On May 1, 2026, Malaysia's Road Transport Department made MyDigital ID the sole login for its MyJPJ app, retiring every alternative sign-in for an app with more than 14 million registered users. By May 4, The Star reported that seven million had already logged in through the national digital identity. It was not an isolated move. Three months earlier, the Malaysian Communications and Multimedia Commission (MCMC) had registered a Mandatory Standard threading MyDigital ID through prepaid SIM registration. The same credential already gates the MyNIISe immigration system at the border. One key is quietly being cut to open every public-facing door.
The convenience is real, and the security logic is not frivolous.
The case for consolidation is genuine
Start with the strongest version of the government's argument. Password reuse and weak credentials are the soft underbelly of digital government; a single verified identity tied to official records does cut the attack surface that fragmented logins create. Malaysia's official MyDigital ID page is explicit that the system authenticates against government databases rather than storing personal data itself, and uses device-side biometrics plus a password. On the telecoms side, the MCMC's February 26 Mandatory Standard — issued under Sections 55 and 104(1)(b) of the Communications and Multimedia Act 1998 — caps holdings at five prepaid SIMs per person per telco and layers MyDigital ID onto self-registration. Anonymous SIMs are the workhorse of scam syndicates across Southeast Asia; tightening registration is a defensible response to a documented harm. This is not surveillance theatre.
But a sound authentication layer and a sound governance regime are different things, and Malaysia has built the first while leaving the second conspicuously thin.
The legal floor is missing
The problem is not the cryptography. It is that the entity now holding the master key to citizens' road, telecoms and border identities operates largely outside Malaysia's own data-protection law. The Personal Data Protection Act 2010 explicitly does not bind the federal and state governments — and the much-touted 2024 amendment, which introduced breach notification and a data-protection officer mandate, left that carve-out untouched. As a May 8 Free Malaysia Today op-ed put it, a private company can be fined for losing your details, but Putrajaya cannot. The same op-ed catalogued why that asymmetry should worry Malaysians: a 2017 leak of 46 million mobile-subscriber records, a 2022 database of 22.5 million MyKad numbers offered for sale, and an alleged 17 million MyKad records surfacing in December 2024.
That track record matters precisely because consolidation changes the stakes of a breach. When identity is fragmented, a leaked telco database is bad but bounded. When a single credential authenticates driving records, SIM ownership and immigration status, the blast radius of any compromise — or any abuse by an authorised insider — expands accordingly. Centralisation concentrates value, and concentrated value attracts both attackers and mission creep.
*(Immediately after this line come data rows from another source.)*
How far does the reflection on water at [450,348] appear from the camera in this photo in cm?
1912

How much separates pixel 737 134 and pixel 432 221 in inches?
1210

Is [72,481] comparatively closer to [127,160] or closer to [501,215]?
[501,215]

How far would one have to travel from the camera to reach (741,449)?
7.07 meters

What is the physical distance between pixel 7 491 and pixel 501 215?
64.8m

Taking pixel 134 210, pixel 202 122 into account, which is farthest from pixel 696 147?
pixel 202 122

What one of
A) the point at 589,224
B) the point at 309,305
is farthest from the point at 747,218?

Proportionate, not maximal
None of this argues for abandoning digital ID. Estonia, the usual reference point, runs a far deeper digital-identity stack — but it pairs it with the once-only principle, a citizen-facing data-access log that lets people see which official queried their records, and a data-protection authority with jurisdiction over the state itself. The architecture is only half the system; the accountability is the other half. Malaysia has shipped the architecture and is asking citizens to trust the accountability later.
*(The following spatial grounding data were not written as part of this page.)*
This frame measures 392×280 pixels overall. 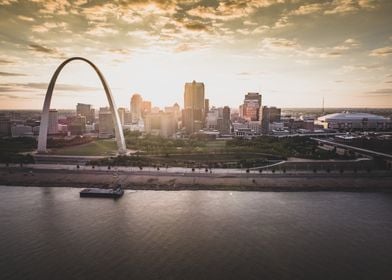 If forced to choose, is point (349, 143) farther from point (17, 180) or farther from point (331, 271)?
point (17, 180)

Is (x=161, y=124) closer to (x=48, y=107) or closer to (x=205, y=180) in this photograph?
(x=48, y=107)

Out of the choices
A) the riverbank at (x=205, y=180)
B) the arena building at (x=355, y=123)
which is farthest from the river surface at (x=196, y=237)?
the arena building at (x=355, y=123)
Three fixes would make the rollout proportionate without slowing it. First, close the PDPA government carve-out, or pass a parallel statute binding public agencies to the same breach-notification and minimisation duties they impose on the private sector. A regime that fines Maxis but exempts the ministry holding 30 million identities has its incentives backwards. Second, keep the mandate functional, not absolute: the MyJPJ switch-off of all alternative logins on day one — which generated a wave of "something went wrong" errors and locked-out users — shows the cost of removing fallbacks before the system is proven. Mandatory-by-default with a documented exception path is more resilient than mandatory-by-decree. Third, build the Estonian-style access log now, before the credential spreads further, so that consolidation buys transparency rather than opacity.
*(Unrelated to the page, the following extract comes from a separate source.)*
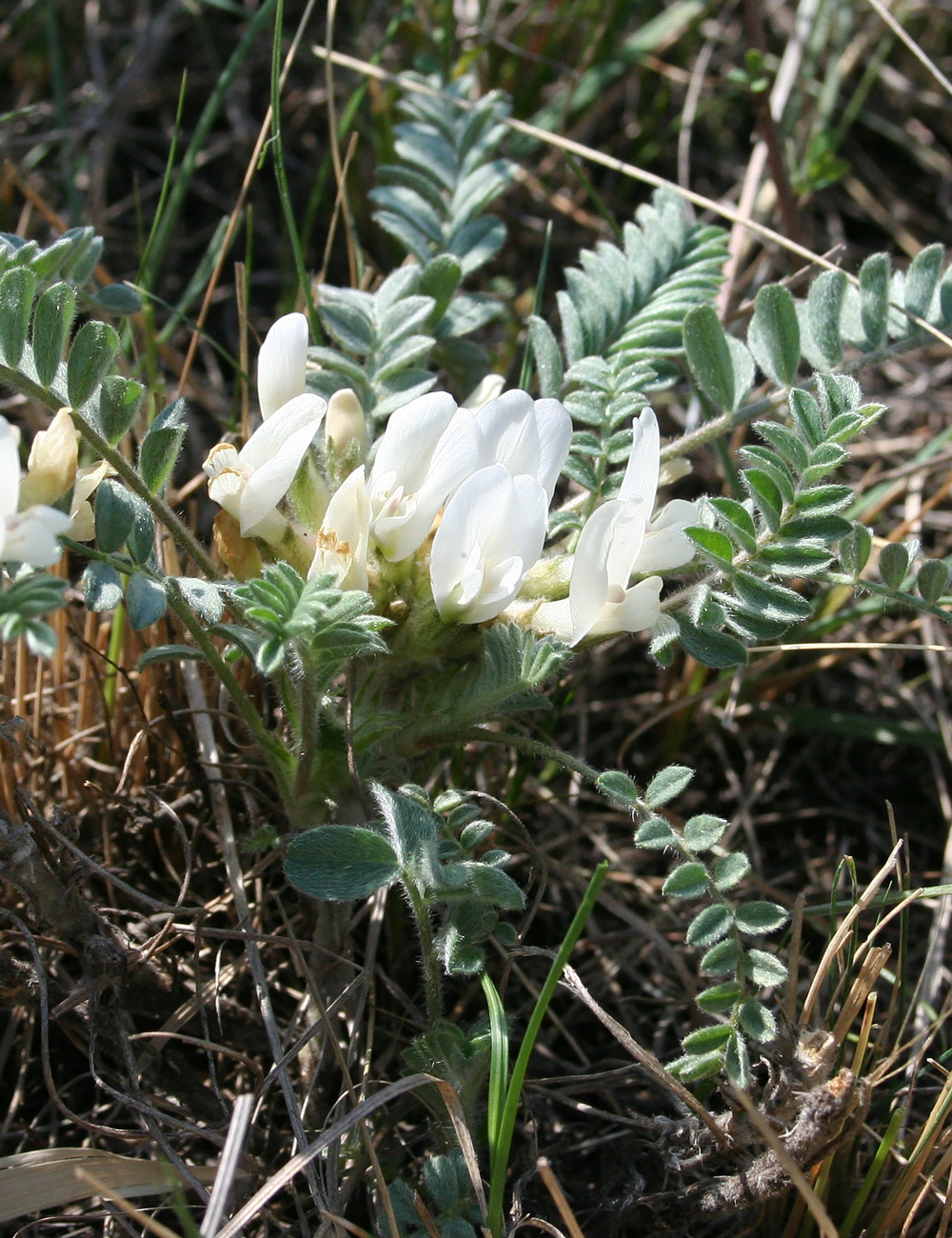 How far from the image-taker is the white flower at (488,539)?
1536 millimetres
The trajectory is the real question
The direction of travel is set: Prime Minister Anwar Ibrahim has stated that 95% of federal services should be delivered fully online by 2030, with MyDigital ID as the single key. That is an ambitious, broadly worthwhile goal — efficient digital government is pro-citizen. But a single key to 95% of the state is also a single point of failure, a single point of coercion, and a single point of exclusion for anyone the system glitches against. The op-ed's "gift or Trojan horse" framing is sharper than it needs to be; the honest answer is that it is neither yet. It is an unfinished building. Malaysia has poured a strong foundation. Whether it becomes a public good or a liability depends entirely on whether the legal and oversight scaffolding gets built before, not after, the whole of public life is wired through one login.
The technology is ahead of the law. In identity systems, that is exactly the wrong order.